The Courier Mail has also reported that the child protection department’s executive director, Matthew Lupi, emailed Taylor last year warning that the number of cases taking over 60 days to investigate was increasing, and seeking an explanation.

He reportedly noted that “the devil’s number”, 66.6 per cent, of notifications of abuse in the last quarter of the previous year involved families already known to the department.

Asked about the looming potential for deft crisis management, Taylor said today: “There’s no question about it, there’s obviously going to be complex cases and quite rightly the public expects us to review and ask what we can do better.”

“I can signal to you that I’ve learnt from every case, both the good and the adverse,” she said.

Taylor noted that Queensland’s mandatory reporting regime was “unusual”, in that it had not been covered under one piece of legislation.

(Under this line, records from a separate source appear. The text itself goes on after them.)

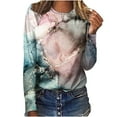thumbnail image 1 of IROINNID Savings Polyester Long Sleeve T Shirt for Women Leisure Ladies Round Neck Loose Tops Print T-Shirts Blouse,Multicolor, 1 of 5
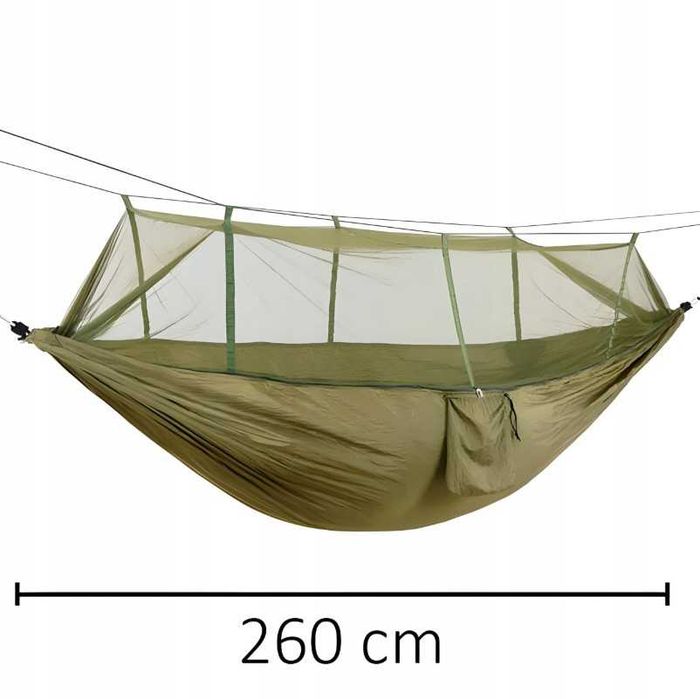 Hamak turystyczny z moskitierą dwuosobowy hamak biwakowy 260x140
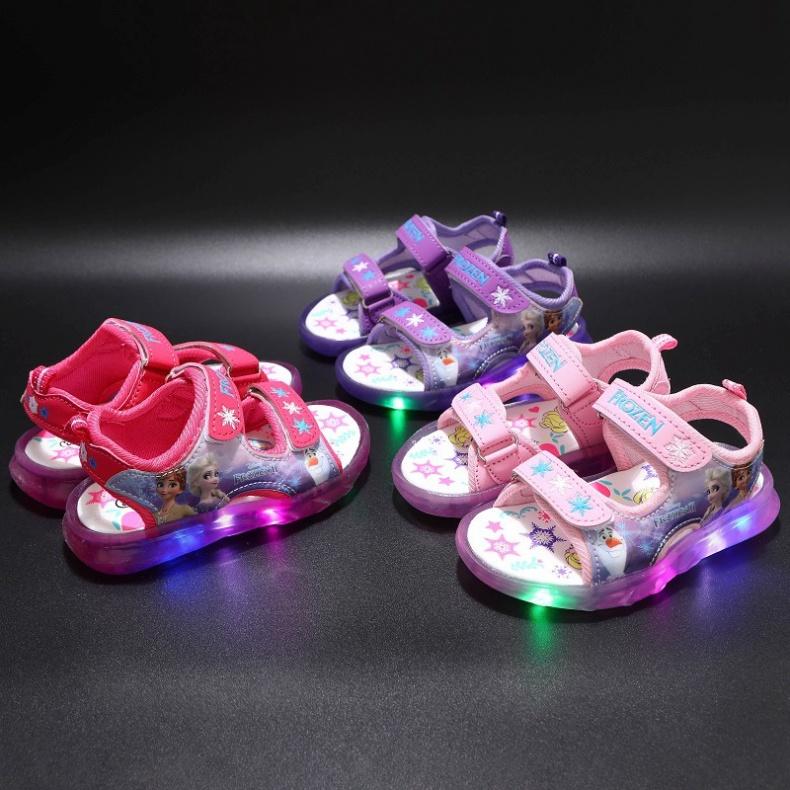 Cho Bé Dép sandal Quảng Châu cao cấp in hình Công chúa Elsa Đèn LED B-212 size 21 đến 31 cho bé
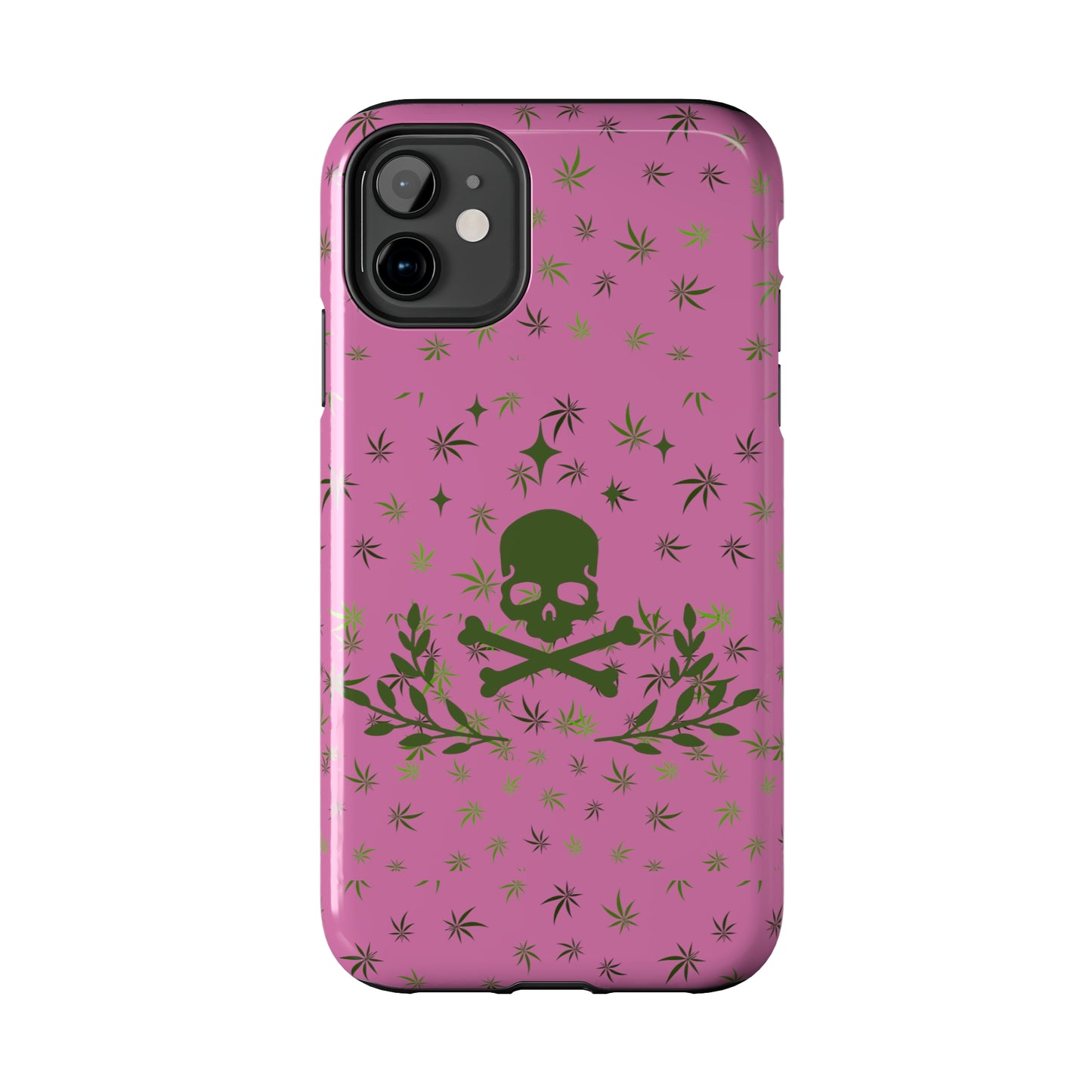 420 skull & crossbones tough phone Cases cannabis and skull and crossbones pink phone case for weed lovers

“Our challenge was to bring all mandatory reporting together into one piece of legislation, and have one threshold… you’re already in an advanced state from where we were,” she said.

Weatherill has previously mooted the prospect of abolishing SA’s mandatory reporting requirements – a suggestion vetoed by the findings of the Nyland commission.

Weatherill said today Taylor’s task would be to “manage the culture of this agency which has deep and challenging issues”, as well as implementing the balance of recommendations emanating from the Nyland report.

“A key element will be the relationships she forms with other agencies, whether they be our health care agencies, our Education department and most importantly our non-Government agencies,” he said.

Weatherill all but ruled out transferring the child protection portfolio to a new minister, arguing Justice Margaret Nyland made “no recommendation of that sort”.

That will mean while Education and Child Protection will become separate agencies, Minister Susan Close will still retain carriage of both.

The Premier suggested John Rau’s additional role as minister for Child Protection Reform would be wound up in due course.